One of the less visible improvements that was made to Javablogs over the New Year was an extensive refactoring of the component that retrieves and parses RSS feeds. Aside from the important task of... well... making it work reliably, we made it do a few useful things like update feed and site URLs automatically when they move.
Anyway, we encountered one problem with a certain blog host that will remain nameless. Actually, we encountered two problems, but the fact that half the time it would hang indefinitely when asked to serve a feed isn't relevant to this rant.
The problem lay with what happened when you tried to retrieve the RSS feed of a blog that no longer exists. This unnamed blog host redirects you to a nice HTML page that tells you the blog isn't there any more. From a human useability perspective, this is fine.
From the point of view of a bot, though, it sucks.
The RSS reader expects to find an XML document at the given URL. Instead it gets HTML back, which causes the poor little XML parser to shit itself. Sure, we could check the Content-type
, but nobody gives a meaningful content-type for RSS anyway so that would just cause more problems. Regardless, it's still a fundamental misrepresentation of the real error: the document isn't the wrong type, it's not there any more.
HTTP already has a perfectly good way to tell any agent a resource isn't there any more. It's called the 410 response-code. 410 means "Gone". The resource used to be there. It isn't any more. We don't know where else it might be. Deal. If our bot got a 410 response-code, it would know categorically that it shouldn't bother to check that RSS feed again, because it's gone for good.
Well it could, but it wouldn't because we never bothered to program that bit. Nobody actually uses the 410 response-code. But even the somewhat less accurate "404 Not Found" response would be more useful than sending us back a redirect to a deceptive "200 OK" and then dumping the wrong document in our laps1.
HTTP has a bunch of useful response codes. It's even got a few that nobody's worked out how to use yet, like "402 Payment Required". As web application developers, we should be familiar with the codes and use them when they are appropriate.
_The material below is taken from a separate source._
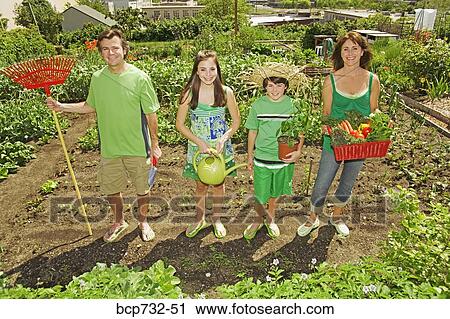 Family in vegetable garden View Large Photo Image Stock Image - Family in vegetable garden. Fotosearch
It makes our applications more friendly to any clients that may want to visit them, whether they have human eyes or not.
The only caveat is related to Internet Explorer. IE is traditionally very unfriendly to any page that is served up as an error. It assumes that any error page below a certain length can't possibly contain enough information to explain to the user what really went wrong. If it finds a too-short error page, it will replace it with the standard Internet Explorer error page, which still completely fails to explain to the user what really went wrong, but uses much more words to do it.
If you find you're getting that problem with IE, just pad your page with a few hundred characters of <!-- HTML comment --> until your own page appears once more.
1 The bot doesn't stop checking 404'd feeds entirely. The web being what it is, pages vanish temporarily all the time. It does, however, check for them less often the longer they're not there.